Dari Gomangu menuju barat, seorang teman Cakra Jaya meninggal, maka dibuatlah nisan dari batu sebagai pertandanya. Sampai saat ini wilayah tersebut dikenal dengan sebutan Mejan (mejan: batu menyerupai meja; nisan).
Di Mejan itulah, sebelum akhirnya pulang menuju Demak, Cakra Jaya menginggalkan pesan terakhirnya, bahwa pada suatu ketika, saat anak-cucu atau generasi selanjutnya telah datang, akan ditemukan emas sebesar gajah di Teganing. Pesan tersebut terbukti. Saat ini terdapat sebuah gunung yang menjadi salah satu wisata alam di Teganing. Gunung tersebut berbentuk menyerupai gajah sehingga dinamai Gunung Gajah.

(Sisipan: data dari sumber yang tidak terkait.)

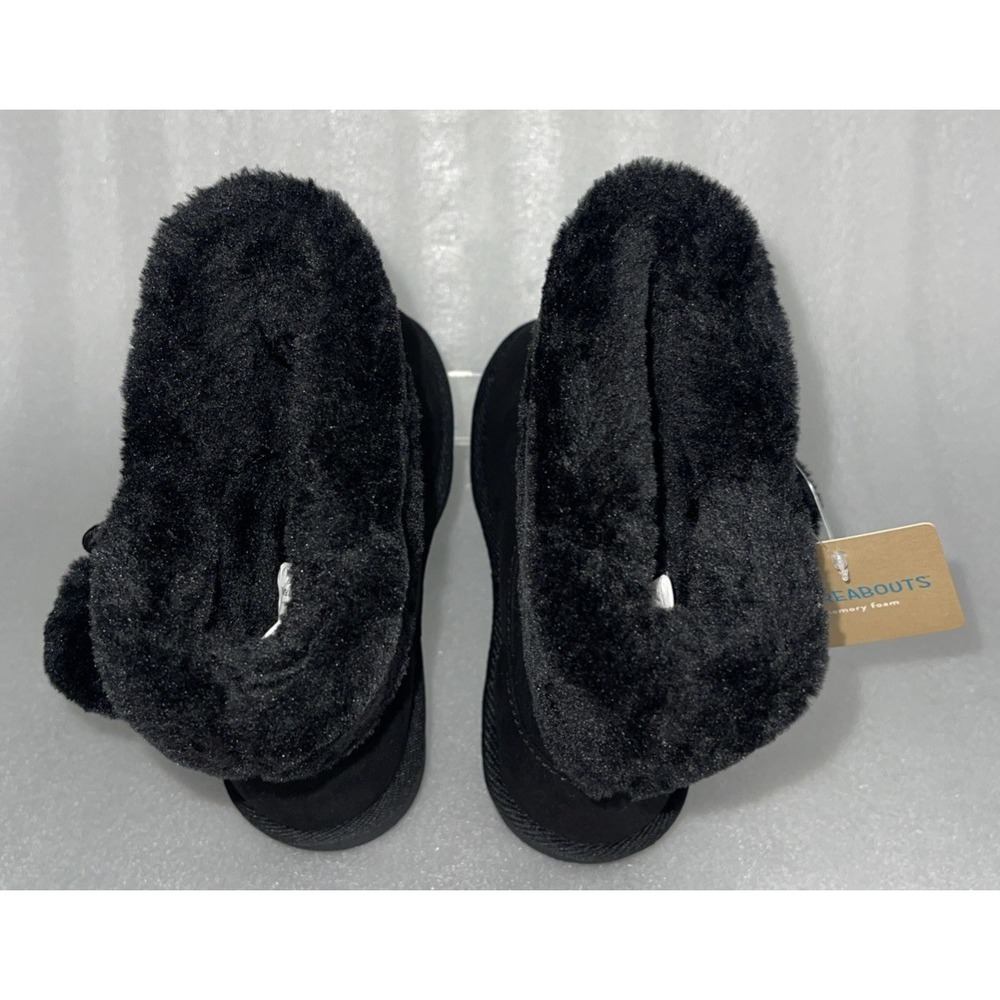 Thereabouts Willa Flat Heel Black Winter Boots Faux Fur Girls Size 12 NEW - Picture 8 of 16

Cakra Jaya meninggalkan banyak kesan bagi masyarakat Teganing. Selain padepokan Sebatur yang sampai saat ini masih dirawat oleh masyarakat, Cakra Jaya juga meninggalkan dua buah batu yang disebut watu gandik (sekarang tinggal satu batu: dicuri). Batu tersebut menyerupai gelas panjang, diletakkan di atas sebuah batu lebar menerupai nampan, di tengah-tengah lahan Sebatur. Pada zaman dahulu, watu gandik digunakan sebagai sarana dakwah Cakra Jaya.

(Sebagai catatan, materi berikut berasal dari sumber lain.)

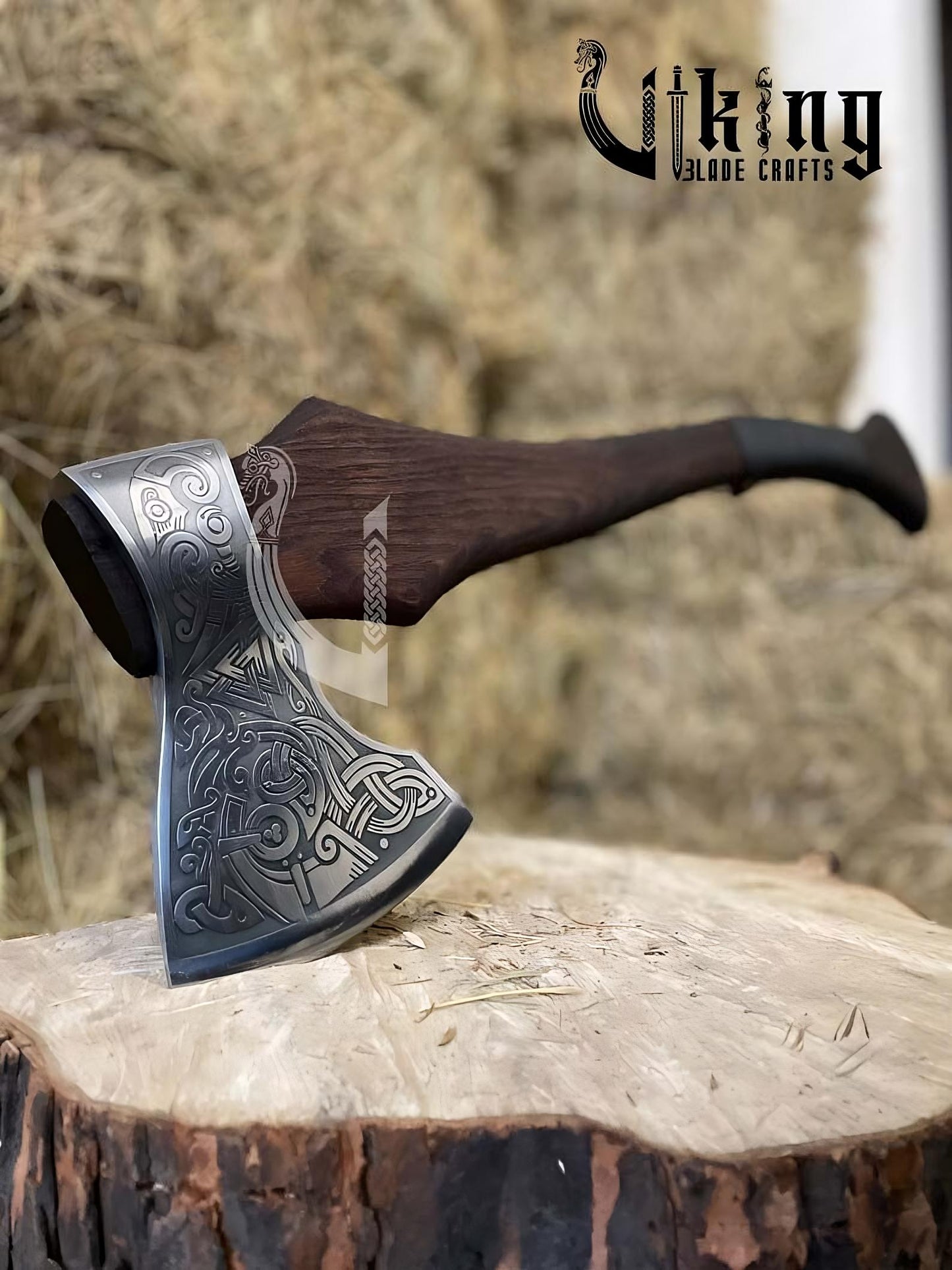 Handmade Functional Viking Axe – High Carbon Steel Blade with Leather Sheath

Watu gandik membawa amanat bahwa manusia hidup berasal dari dua unsur, yaitu Adam dan Hawa, atau laki-laki dan perempuan. Pesan selanjutnya adalah manusia harus hidup dengan dua pegangan, yakni Al Quran dan Hadits.

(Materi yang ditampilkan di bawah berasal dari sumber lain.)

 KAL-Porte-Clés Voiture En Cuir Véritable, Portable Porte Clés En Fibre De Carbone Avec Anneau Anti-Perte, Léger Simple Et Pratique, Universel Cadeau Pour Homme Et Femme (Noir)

Sebatur sampai saat ini masih digunakan masyarakat sebagai sarana mengucap syukur dan mendoakan pendahulu mereka. Setiap satu tahun sekali, yakni pada hari Rabu terakhir bulan Sapar, masyarakat mengadakan selamatan di Sebatur. Selamatan tersebut juga dilengkapi dengan pagelaran Jaran Kepang. Seiring perjalanan zaman, masyarakat Teganing mengadakan ritual di Sebatur dengan mengarak Gunungan dari Njepati ke Sebatur. Arak-arakan dilakukan dengan berbusana Jawa. Selain untuk mendoakan para pendahulu, ritual ini juga menjadi sarana bersyukur atas hasil panen yang melimpah selama satu tahun.
Cerita Sebatur ini adalah salah satu warisan budaya. Oleh karena itu, dokumentasi baik lisan atau pun tulis harus tetap dilakukan. Menceritakan secara turun-temurun merupakan salah satu upaya untuk menjaga warisan budaya tersebut.